Lillian Faderman: The mother of LGBT history

Dr. Lillian Faderman is considered the mother of LGBT history, having written a number of books that many scholars and academicians regard as important sources of information on LGBT history.

This year, she became the historian-in-residence for the Lambda Archives of San Diego. This is a new program of the Lambda Archives and Dr. Faderman is the first to grace this position.

That’s how important a person Faderman is as Lambda will only invite the big guns in the field of LGBTQ history every two years.

Lillian Faderman: The baby who survived

Faderman wouldn’t have been born if her mother decided to push through with her abortion. It was a close call since her mother, Mary, had already aborted Faderman’s two other siblings upon the urging of Faderman’s father.

This hopeful history of Faderman became the “driving force”, as she put it, in her character.

Leaving Faderman’s father and her life as a garment worker in Lower Manhattan, Mary ran away to Los Angeles with baby Lillian and her sister Rae.
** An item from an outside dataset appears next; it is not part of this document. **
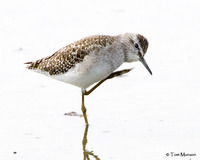 Wood Sandpiper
In her teenage years, Faderman was a model and it was during this time she realized she was a lesbian when she discovered the lesbian underground bars in LA.

She tried heterosexuality after she graduated from high school by marrying a gay man but the marriage failed after less than a year.

Lillian Faderman and lesbian history

At age 76, Faderman wrote a total of ten books. She won awards and acclaims starting with Surpassing the Love of Men: Romantic Friendship and Love Between Women from the Renaissance to the Present in 1981.

She wrote the book, about lesbian couples, with a passion and the thought that this was a subject she wanted to read.

Another important work is Odd Girls and Twilight Lovers, which documented being a lesbian in the 20th century.

Her recent book, The Gay Revolution: The Story of the Struggle, which came out in 2015, is about the upheavals of being a lesbian.

“The 1950s were probably the worst time to be a lesbian in the US,” Faderman said during an interview.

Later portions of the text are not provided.